EXTRACTED ENTRIES =>

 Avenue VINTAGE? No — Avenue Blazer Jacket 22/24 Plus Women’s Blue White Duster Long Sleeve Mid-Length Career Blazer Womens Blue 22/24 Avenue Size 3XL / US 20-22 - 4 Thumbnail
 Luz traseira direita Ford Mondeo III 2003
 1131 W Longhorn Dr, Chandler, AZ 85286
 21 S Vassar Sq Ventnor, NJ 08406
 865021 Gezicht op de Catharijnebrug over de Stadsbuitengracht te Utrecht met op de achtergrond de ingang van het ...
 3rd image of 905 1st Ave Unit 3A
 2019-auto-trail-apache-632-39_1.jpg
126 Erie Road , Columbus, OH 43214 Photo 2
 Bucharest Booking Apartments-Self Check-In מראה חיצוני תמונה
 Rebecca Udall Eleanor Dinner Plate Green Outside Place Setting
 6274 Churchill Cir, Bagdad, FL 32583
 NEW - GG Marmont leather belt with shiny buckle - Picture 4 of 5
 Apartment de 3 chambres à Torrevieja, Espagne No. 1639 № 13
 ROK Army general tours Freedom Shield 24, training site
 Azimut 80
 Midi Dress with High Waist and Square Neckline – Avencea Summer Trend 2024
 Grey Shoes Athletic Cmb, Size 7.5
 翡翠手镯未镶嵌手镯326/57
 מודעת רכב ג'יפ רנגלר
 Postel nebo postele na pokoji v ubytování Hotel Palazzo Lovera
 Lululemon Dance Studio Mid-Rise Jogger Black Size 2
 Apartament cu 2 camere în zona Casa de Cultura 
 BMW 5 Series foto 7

PROBLEM TO WORK ON =>
Only lines with the word "Size" go in the answer. Take them all from the entries above.

OUTPUT FOR THIS TASK =>
 Avenue VINTAGE? No — Avenue Blazer Jacket 22/24 Plus Women’s Blue White Duster Long Sleeve Mid-Length Career Blazer Womens Blue 22/24 Avenue Size 3XL / US 20-22 - 4 Thumbnail
 Grey Shoes Athletic Cmb, Size 7.5
 Lululemon Dance Studio Mid-Rise Jogger Black Size 2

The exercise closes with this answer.